Feuchtes Bodenklima wichtig

Doch aus diesen Partikeln  lässt sich einiges herauslesen. Vor allem jungsteinzeitlichen Fundstellen wie die bandkeramischen Brunnen von Erkelenz-Kückhofen, Zwenkau und Altscherbitz (Deutschland), welche über 7000 Jahre alt sind,  sind für die Forscherin ein Glückfall. Denn in den von Menschen wieder über einen längeren Zeitraum aufgefüllten Hohlräumen hat sich ein dauerfeuchtes Bodenklima erhalten, das von Nöten ist, um die Flügeldecken, Käfer-Hälse und -Kopfteile zu erhalten, mit denen sich Schmidt befasst. Und mit denen sie die Umgebung „entschlüsselt“ und rekonstruiert , in der unsere Vorfahren lebten. Denn 7000 Jahre sind zwar für den Menschen eine lange Zeit, nicht aber für die Natur: „Die Insekten haben sich in dieser Zeit kaum verändert und brauchen somit heute noch die gleichen Lebensgrundlagen wie damals“, so Schmidt.
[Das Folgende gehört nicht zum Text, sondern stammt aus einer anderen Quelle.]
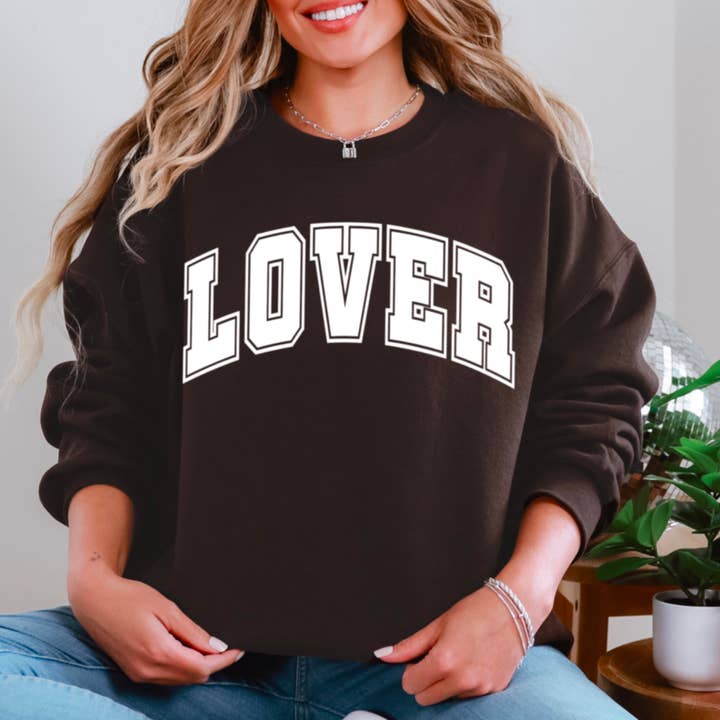 Shoppe SHC - Vendita all'ingrosso Felpa stampata - Donna - Felpa Lover Valentine | Felpa con grafica serigrafata6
Thurgau: Mistkäfer und Stubenfliegen

Insekten aus dem Neolithikum wurden auch im Thurgau entdeckt. Allerdings waren diese weit weniger zahlreich und spektakulär als die Brunnenfunde in Deutschland. Doch das lässt sich unter anderem damit erklären, dass es – logischerweise – aufgrund des Bodensees in dieser Region schon immer genug Wasser gab – und es somit keiner Brunnen bedurfte, welche von Natur aus eine ideale „Insektenfalle“ abgeben. Aber immerhin hat es eine Laus in einem römischen Kamm aus Eschenz sogar ins Archäologische Museum nach Frauenfeld „geschafft“. Sowohl in Deutschland wie auch in Arbon-Bleiche fanden sich Insekten, die gerne in Siedlungsnähe leben: Käfer, deren Habitat der frische Dung von Schafen, Rindern und Ziegen ist, finden sich ebenso wie auch die Stubenfliege, die ohne Mensch und Haustiere schlichtweg nicht überlebensfähig ist. Allerdings waren die Dung-Funde in Arbon-Bleiche arm an Insektenresten, was für den Konservator des Museums für Archäologie Thurgau, Urs Leuzinger, ein untrügliches Zeichen dafür ist, dass „der Kot wahrscheinlich aus der Winterzeit stammt, wenn keine Insekten rumkriechen“.